Copy only what lies from the line containing "Anastasis Hotel Mirostowice" through the line containing "Business facilities in" in the entries below, keeping both end lines exact and dropping every picture.

■ ■ ■ ■ ■

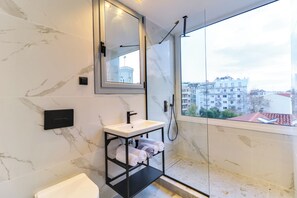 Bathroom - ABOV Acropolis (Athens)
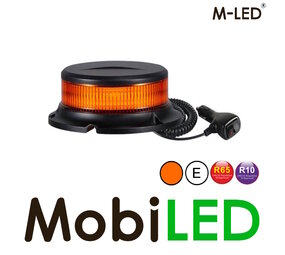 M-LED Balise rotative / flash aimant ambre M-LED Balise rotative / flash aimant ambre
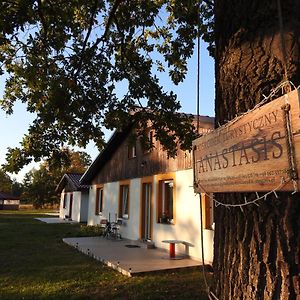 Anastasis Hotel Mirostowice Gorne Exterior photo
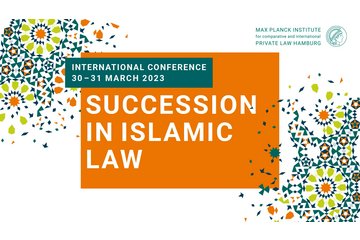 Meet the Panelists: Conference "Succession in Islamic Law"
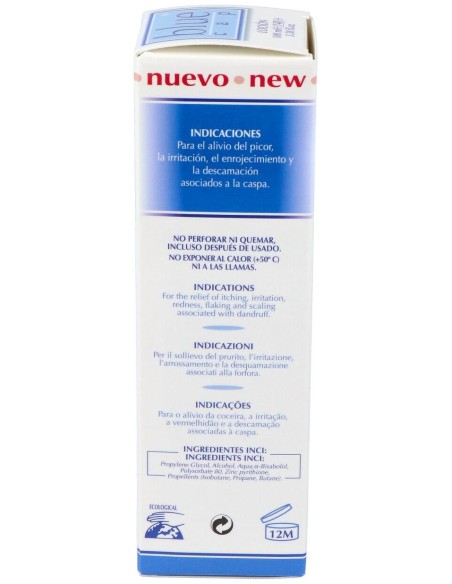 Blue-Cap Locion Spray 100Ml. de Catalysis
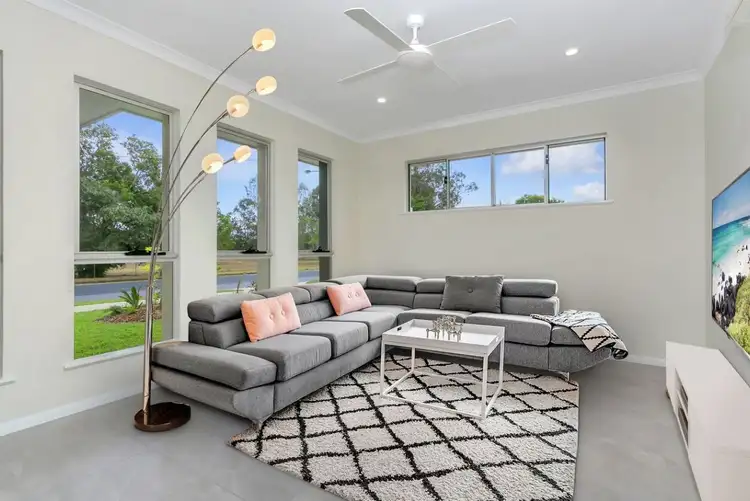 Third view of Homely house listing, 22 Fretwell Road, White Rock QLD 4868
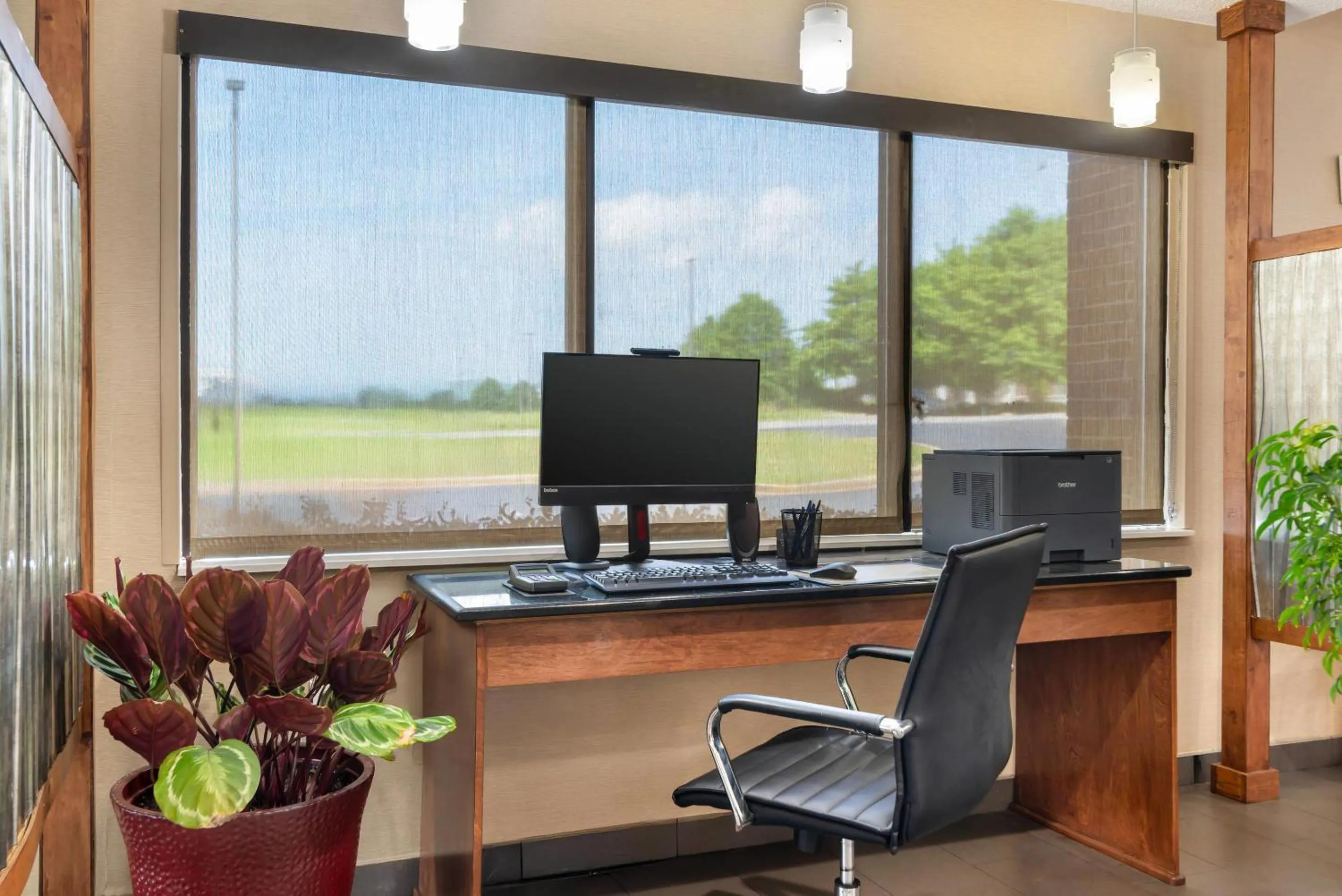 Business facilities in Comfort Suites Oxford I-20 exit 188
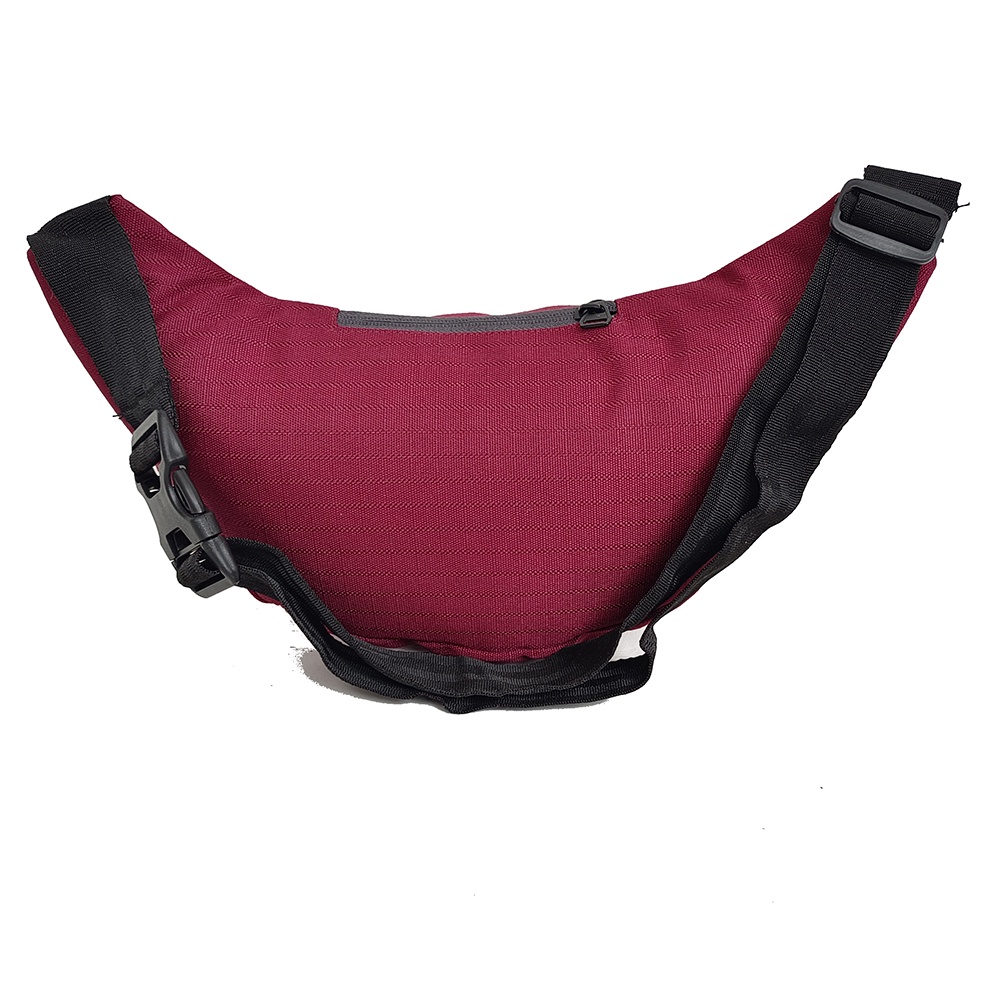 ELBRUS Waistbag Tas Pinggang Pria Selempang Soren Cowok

■ ■ ■ ■ ■

ANSWER TO THIS TASK -
 Anastasis Hotel Mirostowice Gorne Exterior photo
 Meet the Panelists: Conference "Succession in Islamic Law"
 Blue-Cap Locion Spray 100Ml. de Catalysis
 Third view of Homely house listing, 22 Fretwell Road, White Rock QLD 4868
 Business facilities in Comfort Suites Oxford I-20 exit 188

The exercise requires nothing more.